A path is made up of folder names. If the path is to a file, then the path will ends with a file name. The folders and files of a path are separated by a directory separator (e.g., /
or \
). Different operating systems use different directory separators. In R, the function file.path()
is used to fill in the directory separator. It knows which separator to use for the operating system it is running on.
There are a few special directory names. A single period, .
, indicates the current working directory. Two periods, ..
, indicates moving up a directory. The following image shows how ..
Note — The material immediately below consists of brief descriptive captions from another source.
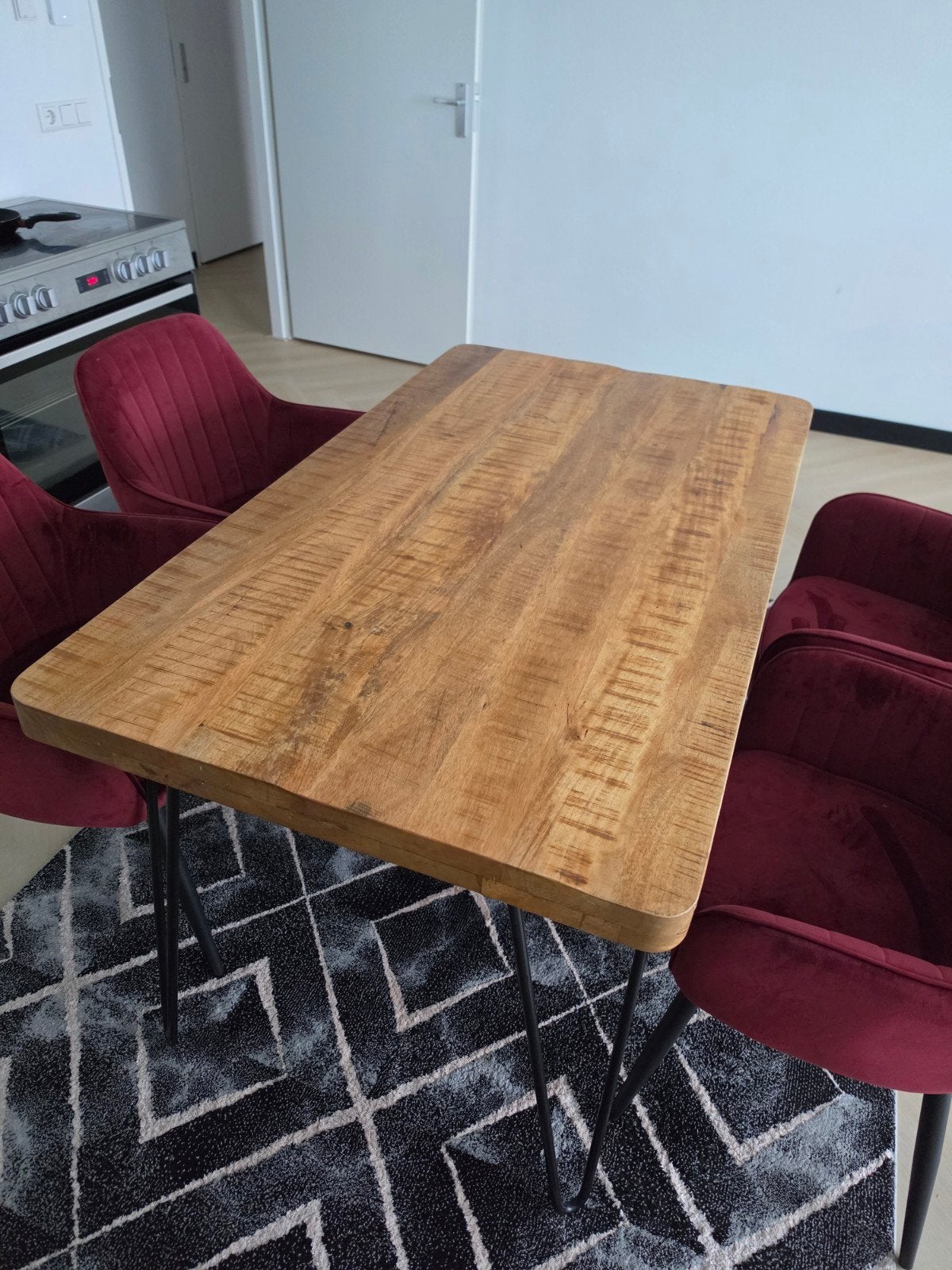Industriële Kick collection eetkamertafel 140x81cm, Huis en Inrichting, 100 tot 150 cm, 50 tot 100 cm, Zo goed als nieuw, Vier personen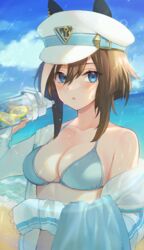  :o animal_ears beach bikini blue_bikini blue_eyes blue_sky blush bottle breasts brown_hair cheval_grand_(umamusume) cleavage collarbone commentary_request day ears_through_headwear female food fruit hat highres holding holding_bottle horse_ears horse_girl jacket kkokko lemon lemon_slice lens_flare medium_breasts multicolored_hair ocean off_shoulder open_clothes open_jacket outdoors parted_lips peaked_cap school_swimsuit short_hair single_bare_shoulder sky sleeves_past_wrists solo sparkle streaked_hair swimsuit towel track_jacket two-tone_hair umamusume unzipped upper_body water white_hair white_hat white_jacket 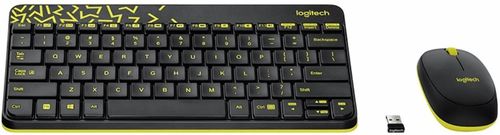 купить Клавиатура + Мышь Logitech MK240 Nano Black/Chartreuse USB в Кишинёве 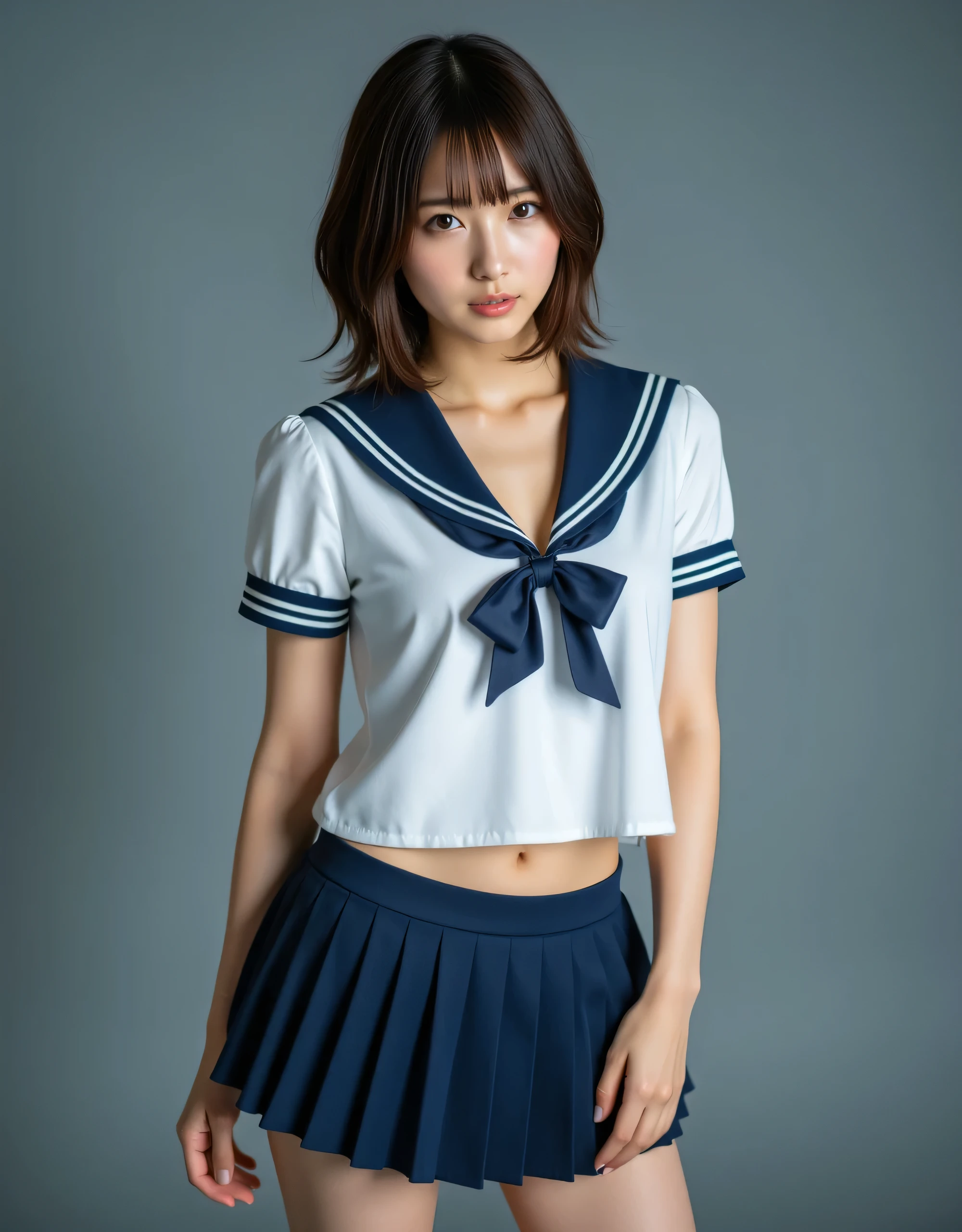 perfect composition, Proper placement, close, Beautiful Japanese Women, Brown Hair, Bob Cut Hair, Brown eyes:1.21, Clear Eyes,  Perfect beauty, compensate, Pink lipstick:0.98, Perfect Anatomy, Small head, The classic sailor uniform from a prestigious metropolitan high school, White uniform, Short-sleeved sailor uniform:1.21, sera fuku:1.21, I can see your belly, Navy blue pleated mini skirt, Perfect beauty, Like a positive movie:1.21, (A photograph of a film frame captured on positive film:1.5), Gray simple background, sexy, orgasm, , Dramatic lighting, 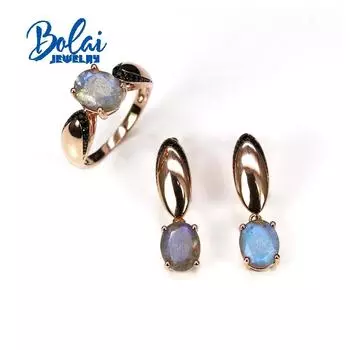 Серьги-кольца с натуральным лабрадоритом, комплект украшений из стерлингового серебра 925 пробы, изысканные украшения для женщин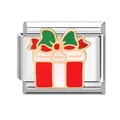 Italian charm bracelet link with red and green Christmas gift box design in stainless steel - Gift
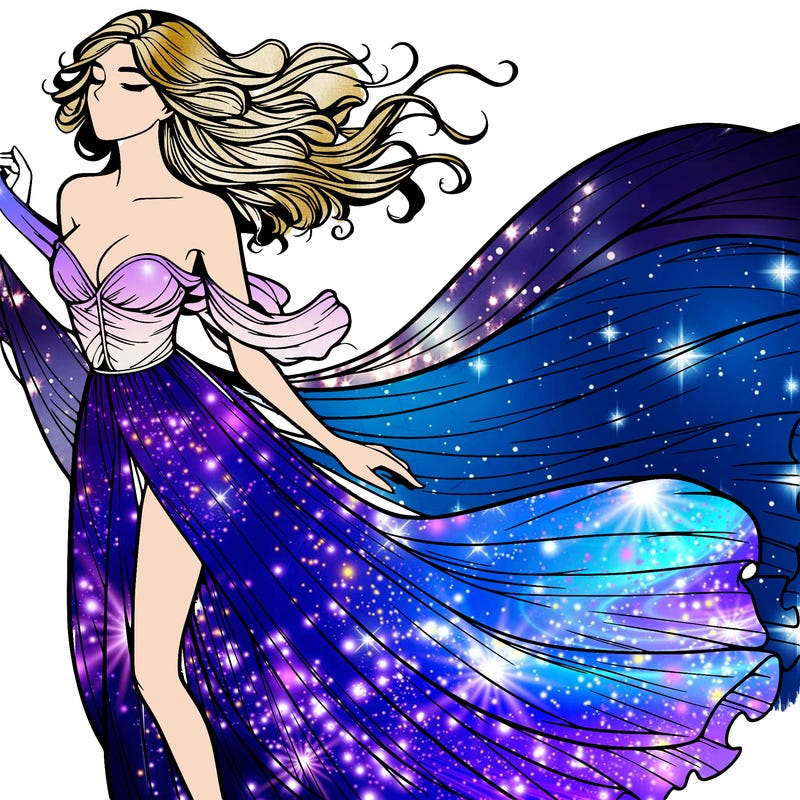 realistic woman in dress flowing the the wind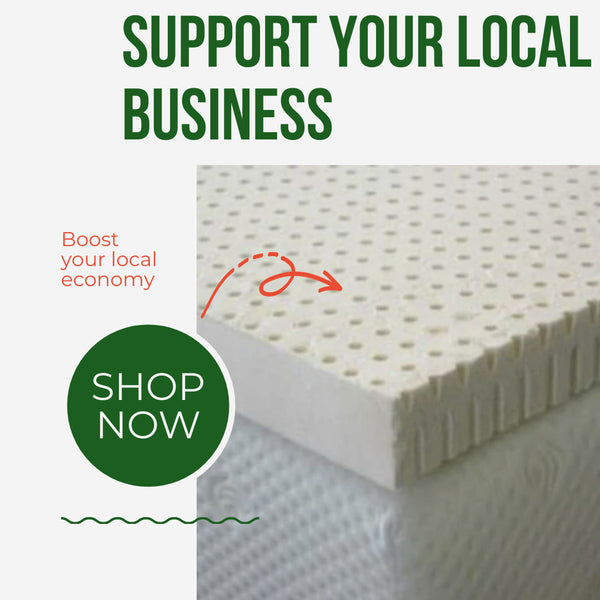 Organic latex mattress close-up promoting local business support.
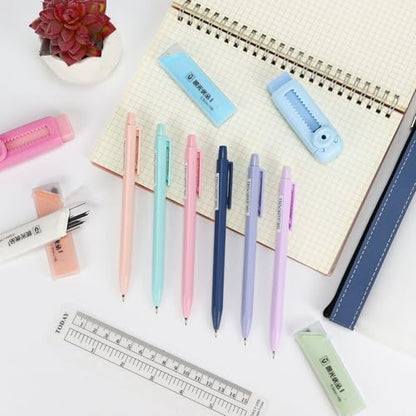 Mechanical Pencil Set - 6PCS 0.5mm Cute Pastel Mechanical Pencils, 2Push-Pull Retractable Eraser with 80PCS HB 0.5 Lead Refill and Clear Zipper bag Pencil Kit for Art, Drawing Pencils for Sketching - color: Pink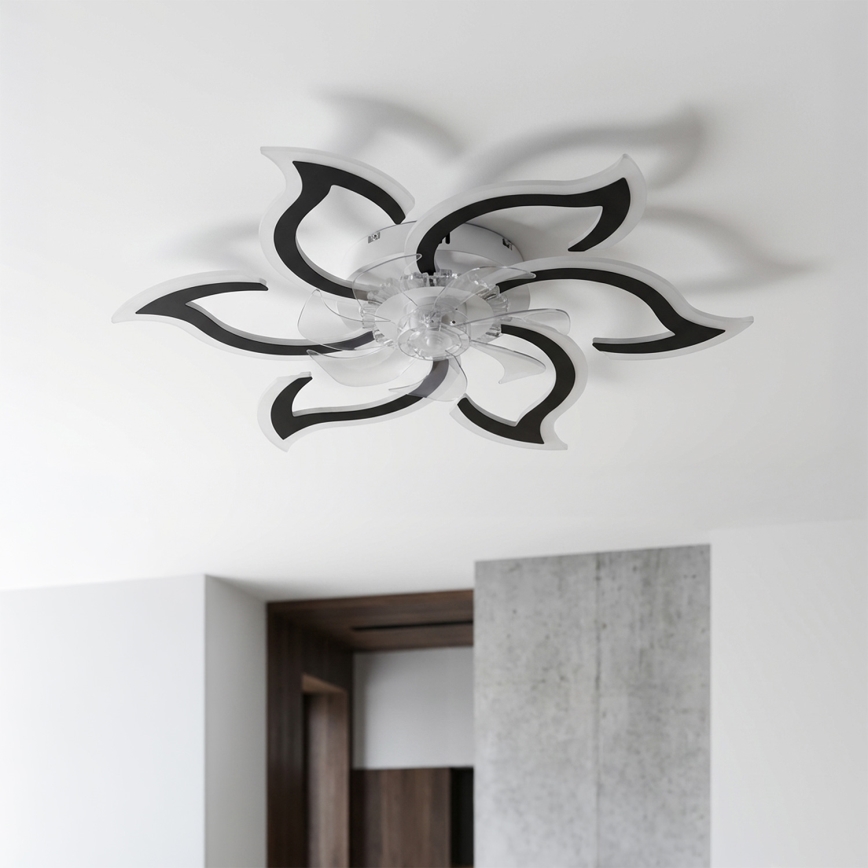 Brilagi - Ventilador de tecto LED regulável LED/34W/230V 3000-6500K Ø 83 cm preto + comando remoto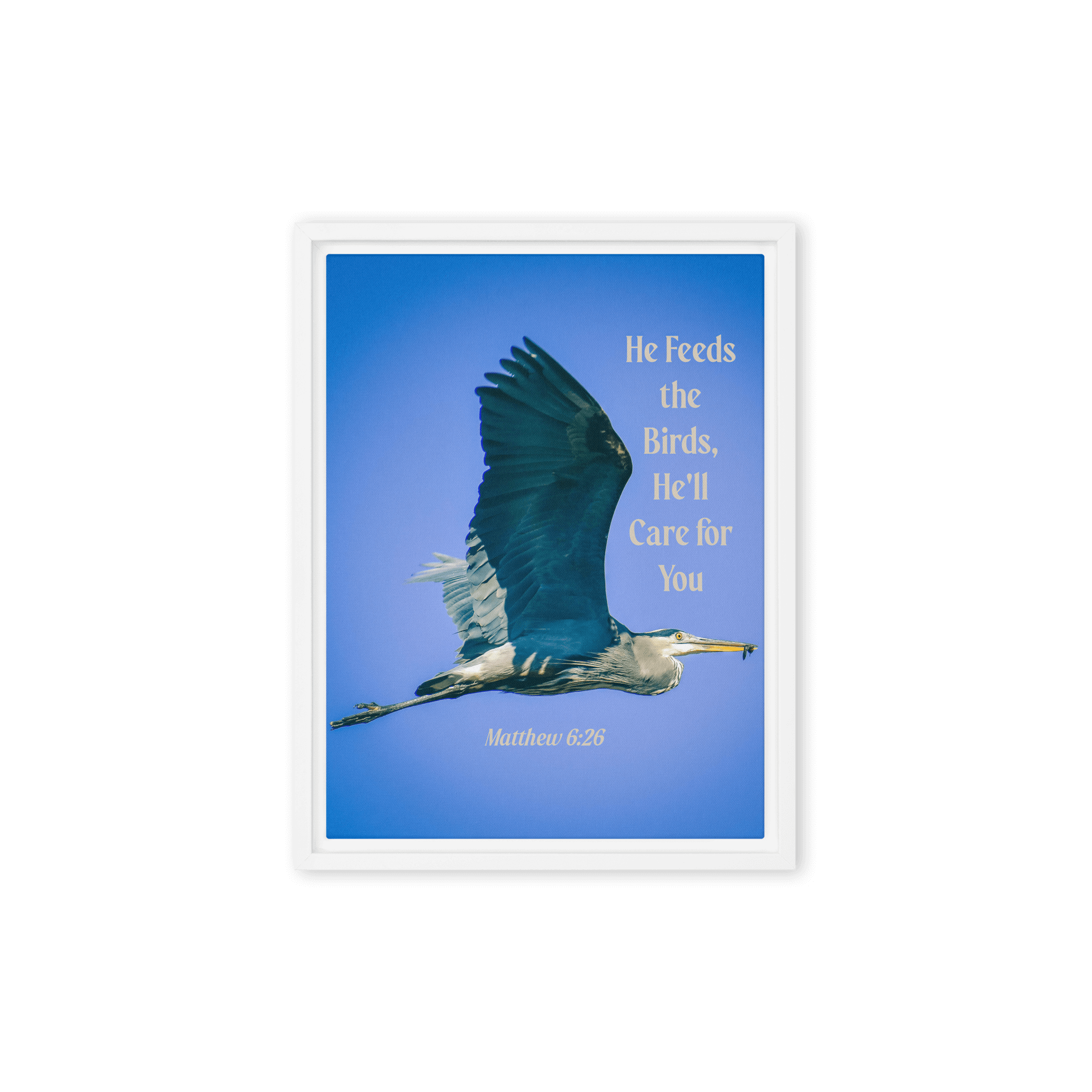 Matthew 6:26 Graceful Heron, He'll Care for You Framed Canvas Print Wall Art White 12″×16″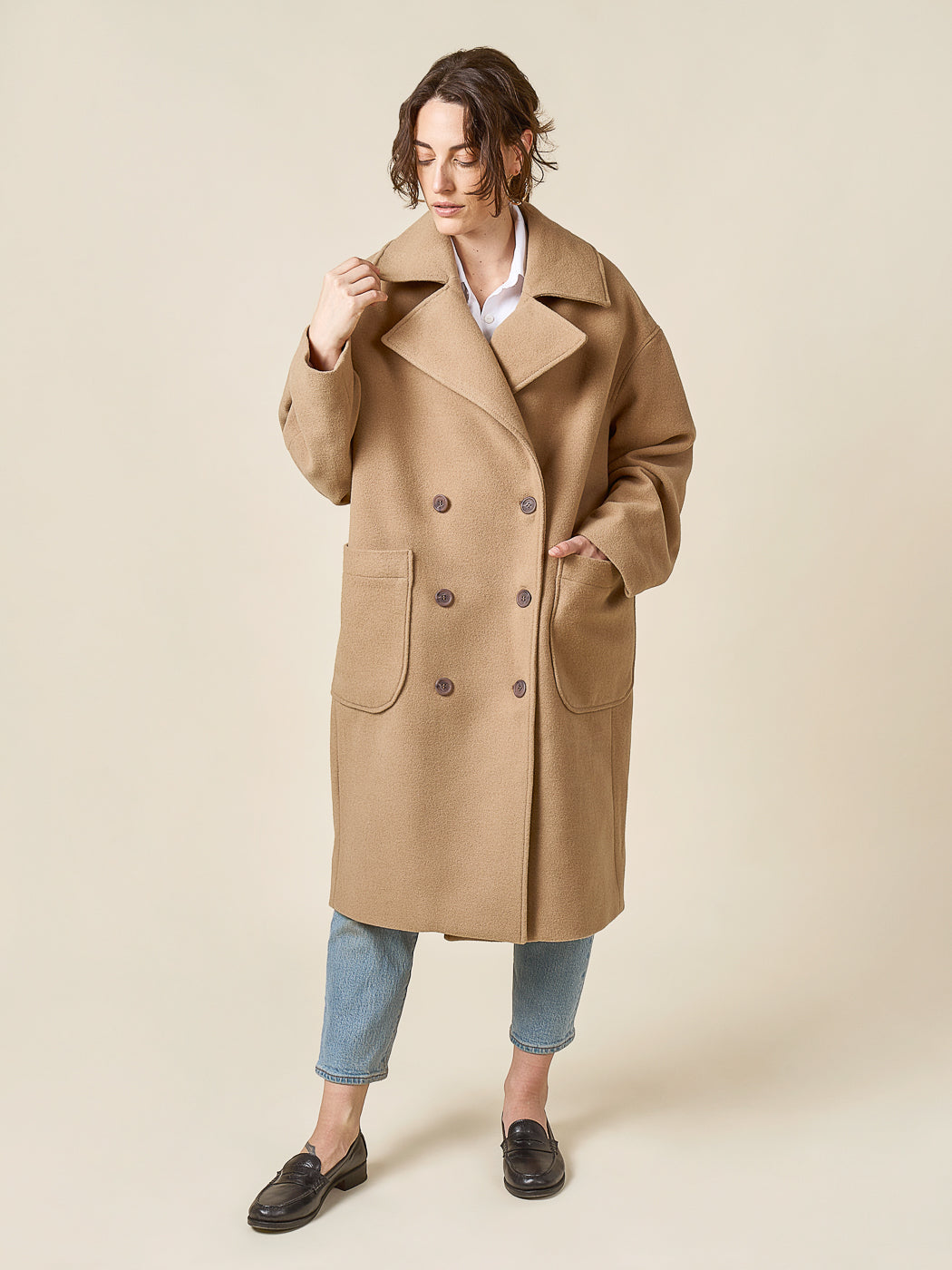 Camel wool coat made with the Closet Core Phoebe Coat PDF sewing pattern, front view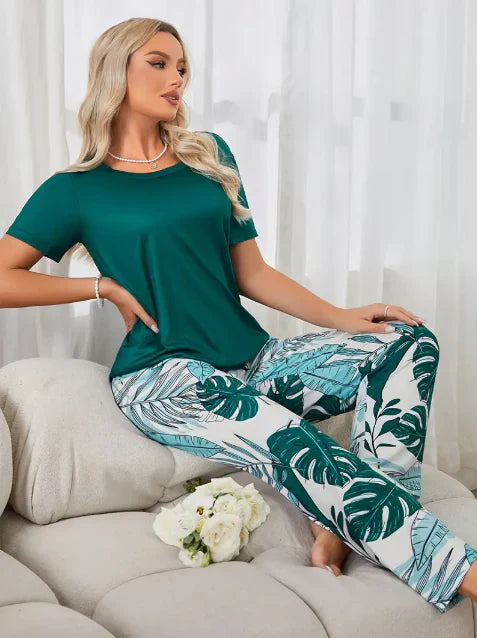 Green Plain Shirt with Leafs Pajama Printed Night Suit (CC-149)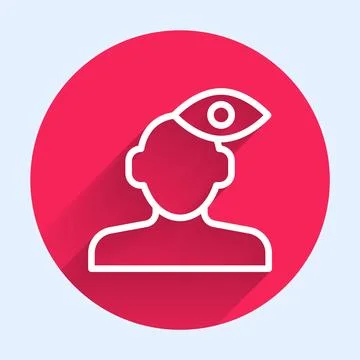 White line Solution to the problem in psychology icon isolated with long shadow 스톡 일러스트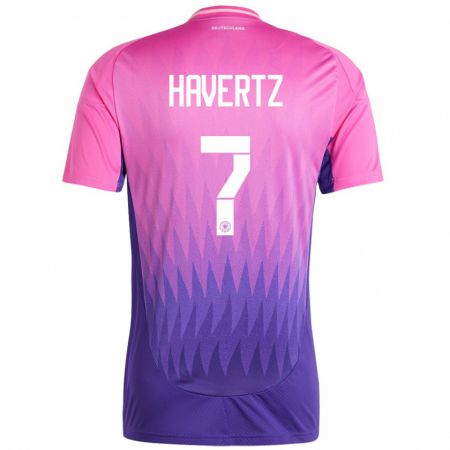 Kandiny Niño Camiseta Alemania Kai Havertz #7 Rosado Morado 2ª Equipación 24-26 La Camisa Chile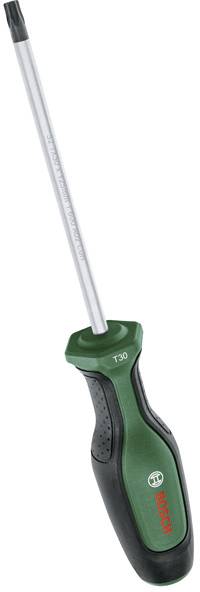 Ein Torx-Schraubendreher mit grünem und schwarzem Griff und T30-Spitze.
would be used to get a data file in the folder structure used in the project organization section.

Relative file paths.
When R starts a session, it has a location to look for other files. This path is called the current working directory, and this is often shortened to the working directory. Relative paths in a program are specified as starting at the current working directory. To print your current working directory, use the getwd()
function. To change your working directory, supply setwd()
with a relative path in quotes (or an absolute path, but relative paths are preferred).
getwd()
[1] "U:/school/my_class"
setwd("hw_1")
In the image above, if your working directory is the folder hw_1, you can reach the data1.csv file with the path “../data/data1.csv”. This path could be given to read.csv()
(or another data-reading function) to read in the data, or to write.csv()
to write over the file.
You can also have file.path()
create file paths for you:
data_path <- file.path("..", "data", "data1.csv")
data_path
[1] "../data/data1.csv"
And then use the objects created by file.path()
to make reading and writing files simpler:
read.csv(data_path)
# create a partial path so we can customize the file name
data_folder <- file.path("..", "data")
# path is "../data/data1.csv"
read.csv(file.path(data_folder, "data1.csv"))
# path is "../data/data2.csv"
write.csv(dat, file.path(data_folder, "data2.csv"))
10.5 Reading Exercises
Set your working directory to your Desktop.
With
dir.create()
, create a folder called “Project”. Then, inside of “Project”, create three folders: “Data_raw”, “Data_formatted”, and “Scripts”.Download a dataset from the Census (try not to pick a CSV file) and drag-and-drop it into the Data_raw folder.
Set your working directory to the Scripts folder.
Create a new R script and save it in Scripts.
Without changing your working directory from Scripts, read in your downloaded file from Data_raw and then save it as a CSV file to Data_formatted. Save these commands in your R script.
This is the beginning of a well-organized project!